Action item:
Everything from the line with "These four North" through the last line of the data below should be copied exactly, apart from the pictures.
━━━
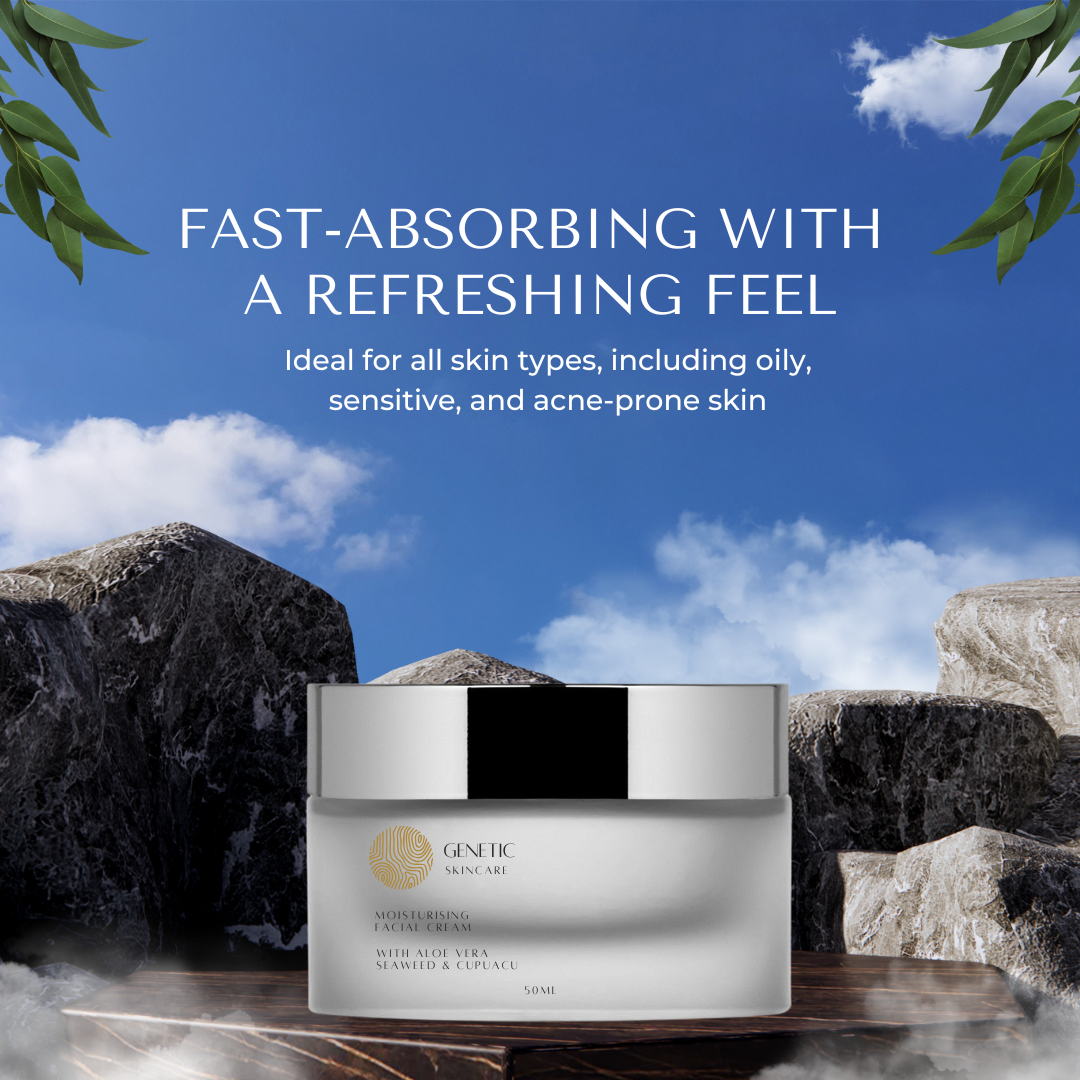 Genetic - Facial Moisturiser with Aloe Vera, Seaweed and Cupuacu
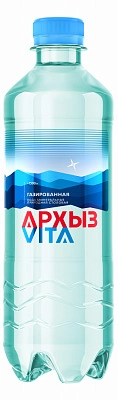 Вода "Архыз" 0.5 литра, газ., ПЭТ, 12 шт. в уп от магазина Одежда+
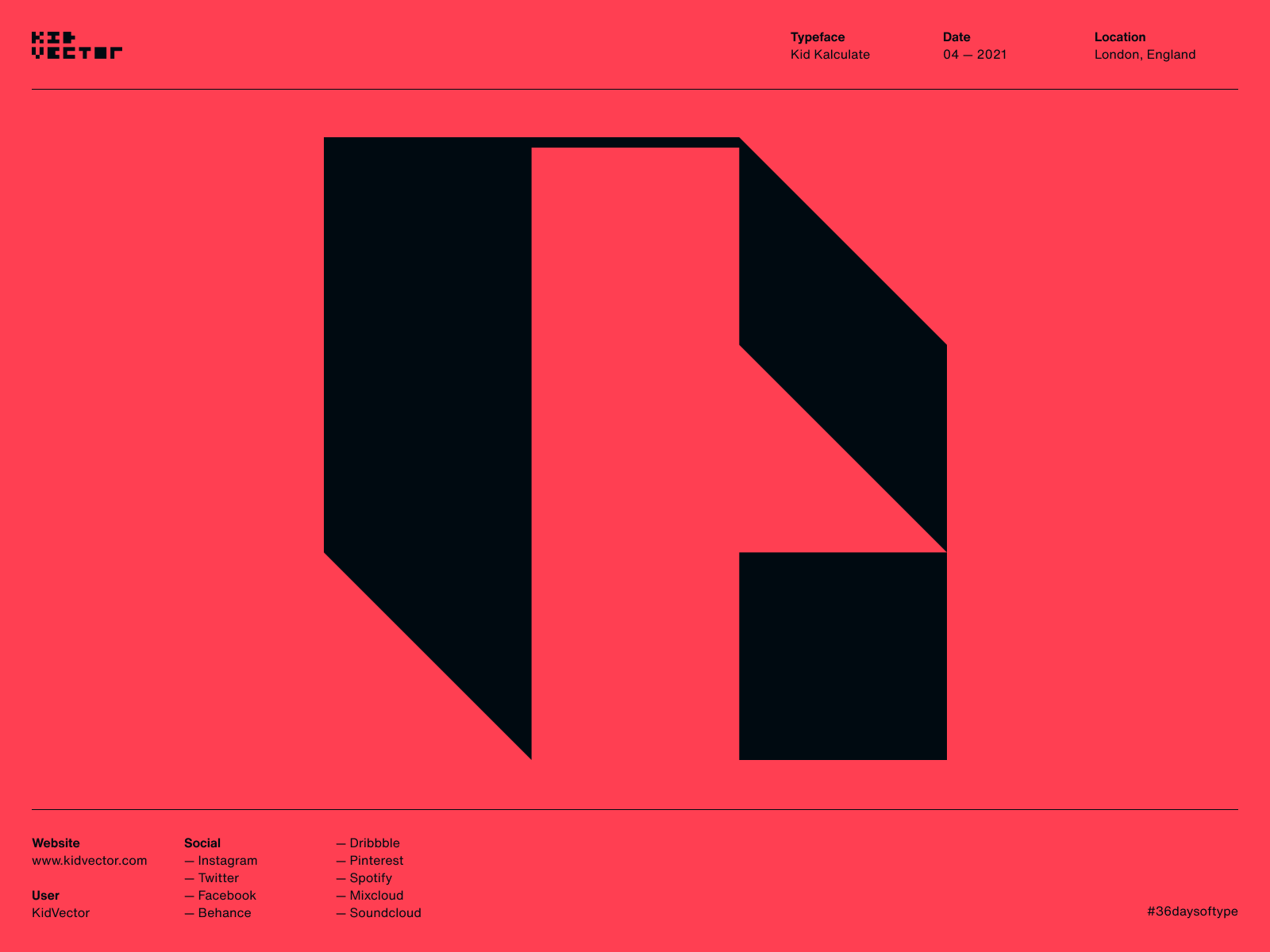Kid Kalculate — N 36daysoftype 36daysoftype08 type typeface typography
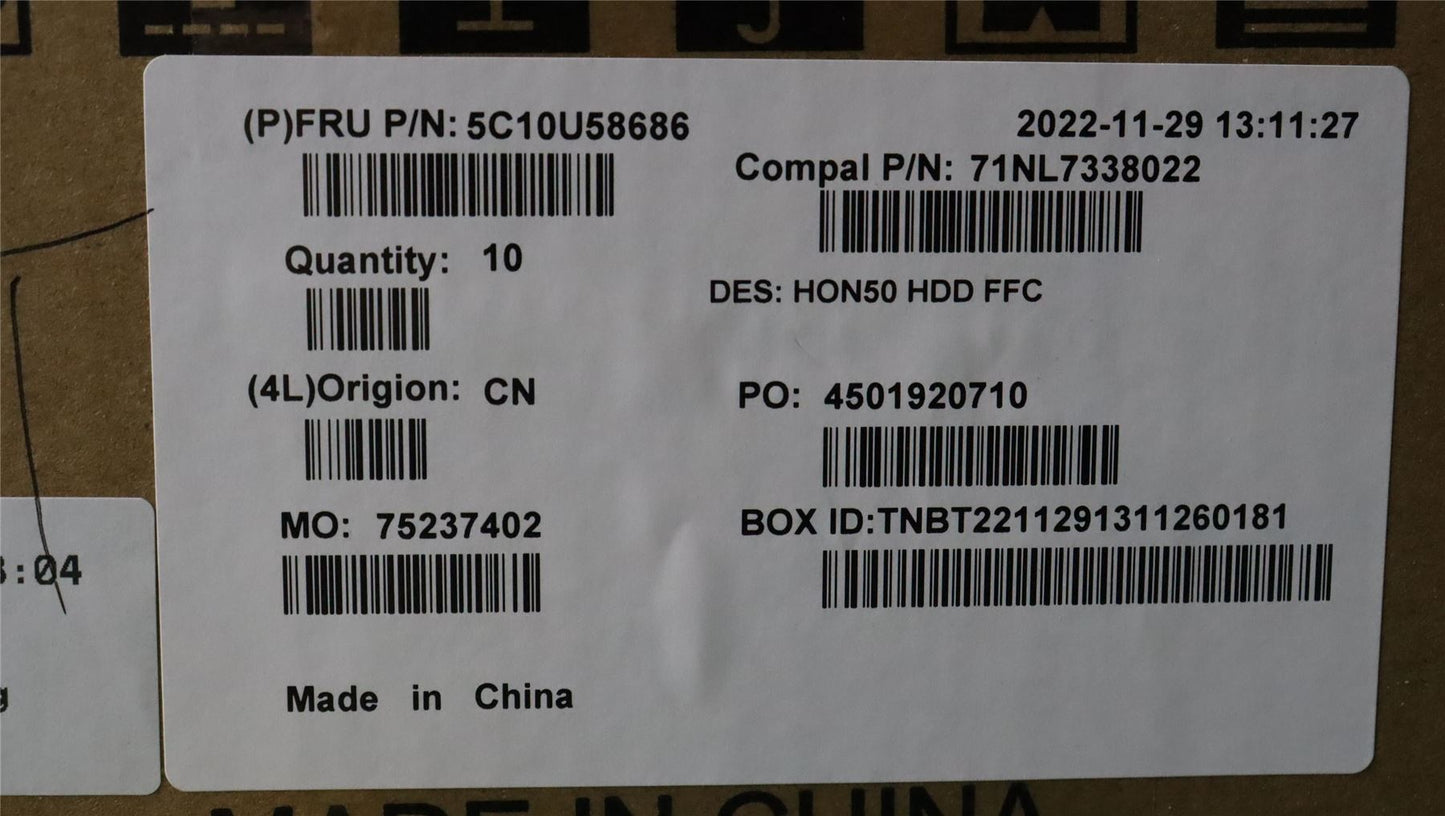 Lenovo ThinkCentre 50a 24 Gen 3 50a 24 Gen 4 SATA Power Cable HDD 5C10U58686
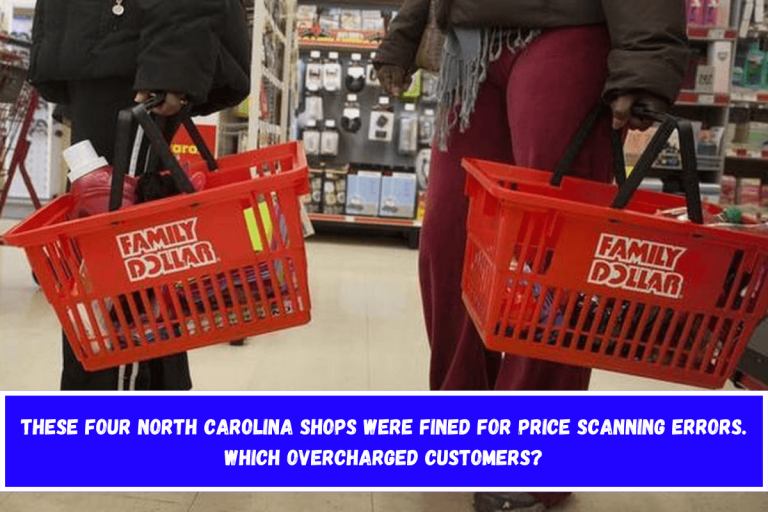 These four North Carolina shops were fined for price scanning errors. Which overcharged customers?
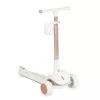 AERO roller, összecsukható, 50kg-ig, 3 kerekű, arany váz FEHÉR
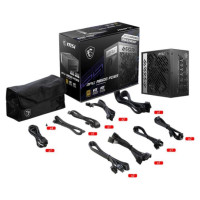 MSI Power Supply|MSI|850 Watts|Efficiency 80 PLUS GOLD|PFC Active|MPGA850GPCIE5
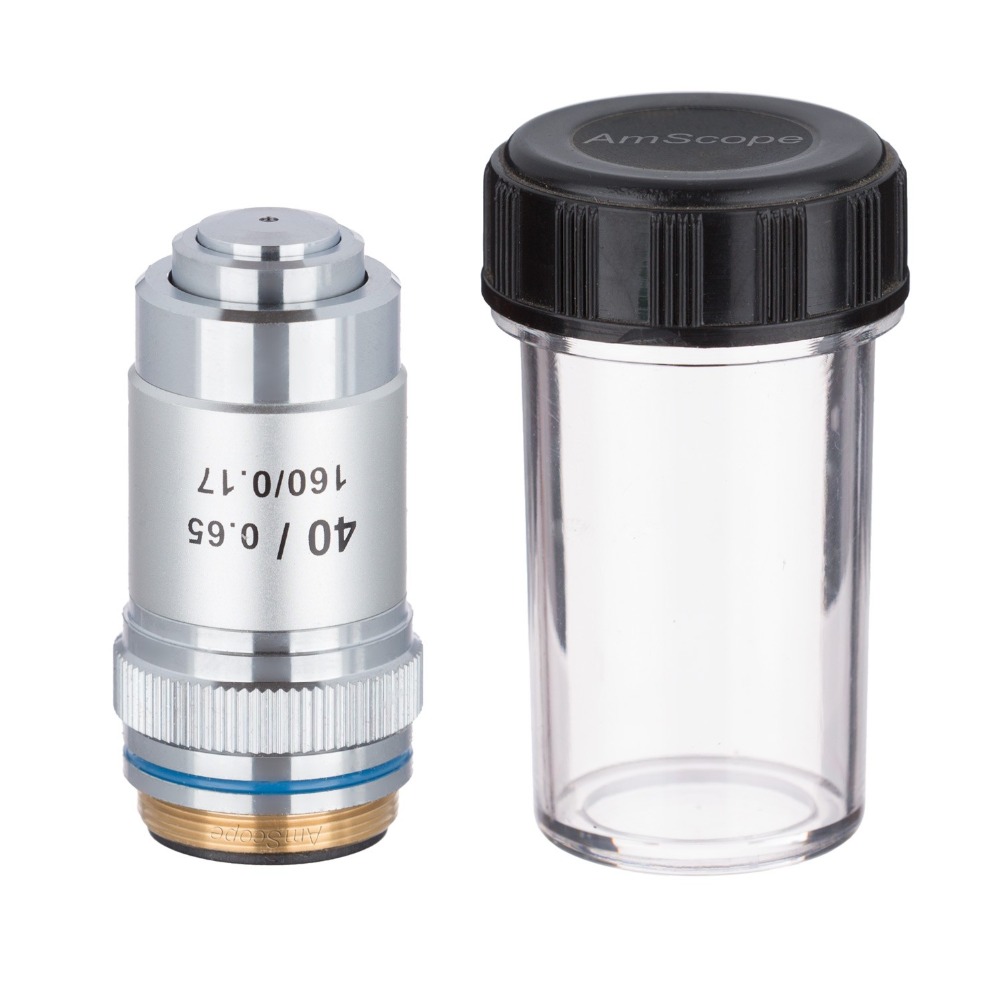 AmScope 40X (Spring) Achromati - Microscope Compound 40X ulasan dan harga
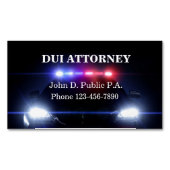 DUI Advocaat Verdediging Advocaat Magnetisch Visitekaartje (Voorkant)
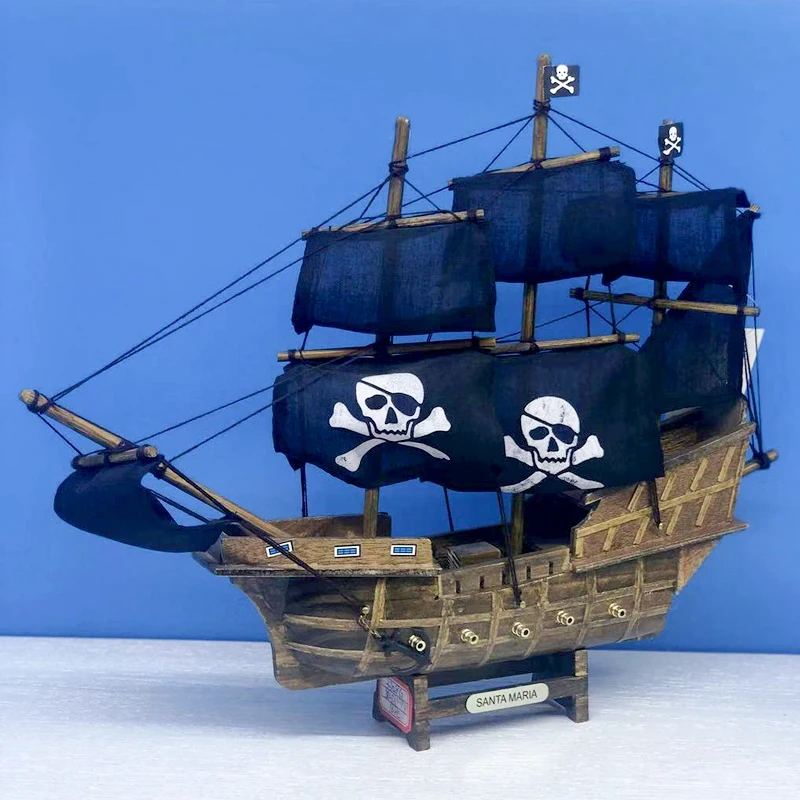 

Новый 3D деревянный парусник LUCKK в сборе, модель 35 см * 9 см * 35 см, Карибский Корсар, лодки-парусники, домашний декор, ремесло, детские игрушки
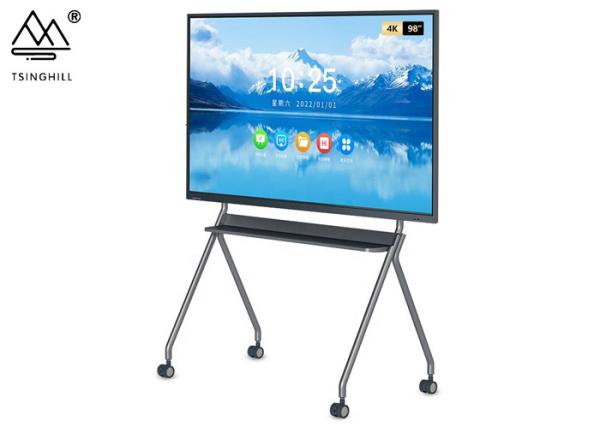 Quality 4k Resolution Interactive Digital Blackboard With 350cd/M2 Brightness for sale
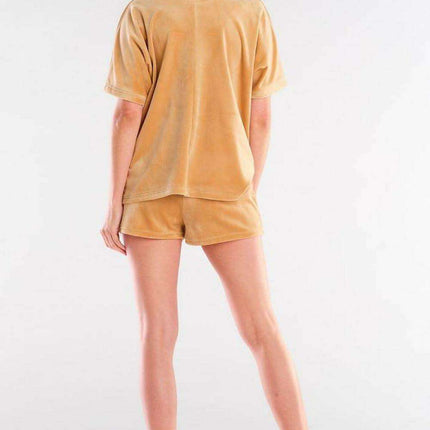 Sumptuous Velour Comfort Shorts for Relaxed Living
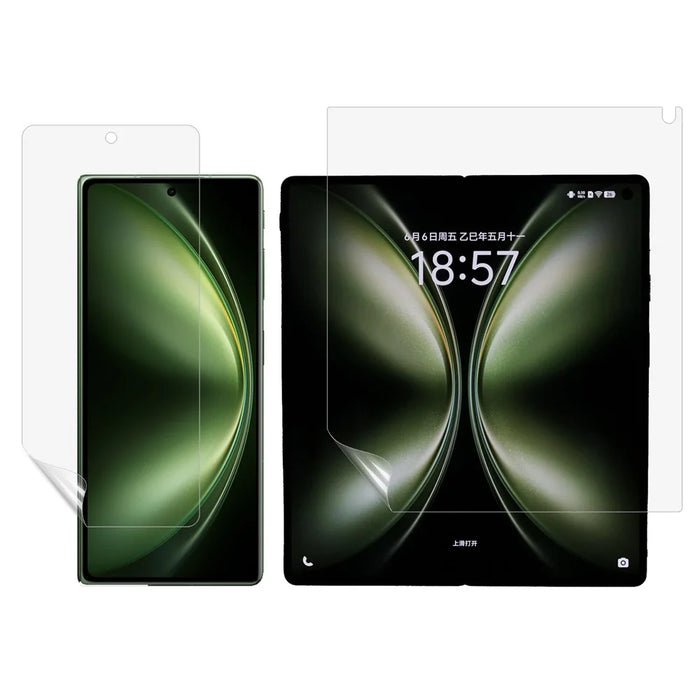 For vivo X Fold5 5G / Fold3 Clear PET Film Soft Front and Back Screen Protector - 1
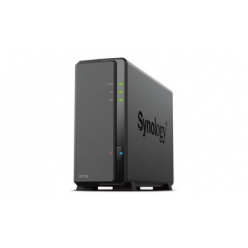 Serwer NAS Synology DS124 1x0HDD RTD1619B 1GB DDR4 1xRJ45 2xUSB 2Y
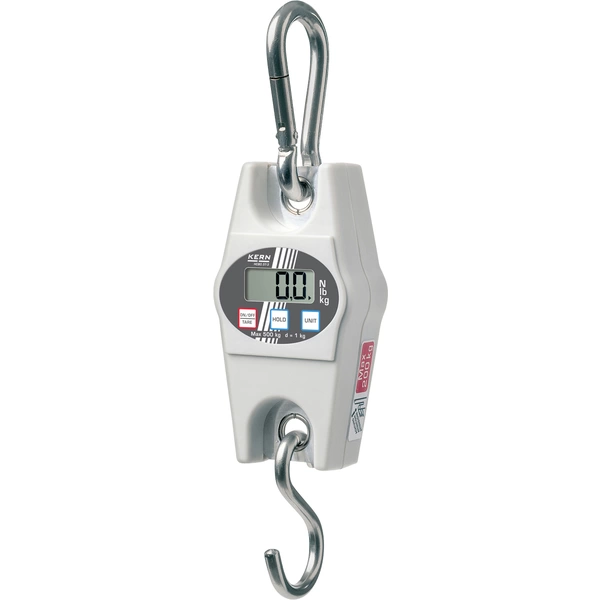 Kern HCB 20K10 Hängewaage Wägebereich (max.) 20kg Ablesbarkeit 10g batteriebetrieben Kern HCB 20K10 Hängewaage Wägebereich (max.) 20kg Ablesbarkeit 10g batteriebetrieben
━━━
Solution to the exercise:
 These four North Carolina shops were fined for price scanning errors. Which overcharged customers?
 AERO roller, összecsukható, 50kg-ig, 3 kerekű, arany váz FEHÉR
 MSI Power Supply|MSI|850 Watts|Efficiency 80 PLUS GOLD|PFC Active|MPGA850GPCIE5
 AmScope 40X (Spring) Achromati - Microscope Compound 40X ulasan dan harga
 DUI Advocaat Verdediging Advocaat Magnetisch Visitekaartje (Voorkant)

Новый 3D деревянный парусник LUCKK в сборе, модель 35 см * 9 см * 35 см, Карибский Корсар, лодки-парусники, домашний декор, ремесло, детские игрушки
 Quality 4k Resolution Interactive Digital Blackboard With 350cd/M2 Brightness for sale
 Sumptuous Velour Comfort Shorts for Relaxed Living
 For vivo X Fold5 5G / Fold3 Clear PET Film Soft Front and Back Screen Protector - 1
 Serwer NAS Synology DS124 1x0HDD RTD1619B 1GB DDR4 1xRJ45 2xUSB 2Y
 Kern HCB 20K10 Hängewaage Wägebereich (max.) 20kg Ablesbarkeit 10g batteriebetrieben Kern HCB 20K10 Hängewaage Wägebereich (max.) 20kg Ablesbarkeit 10g batteriebetrieben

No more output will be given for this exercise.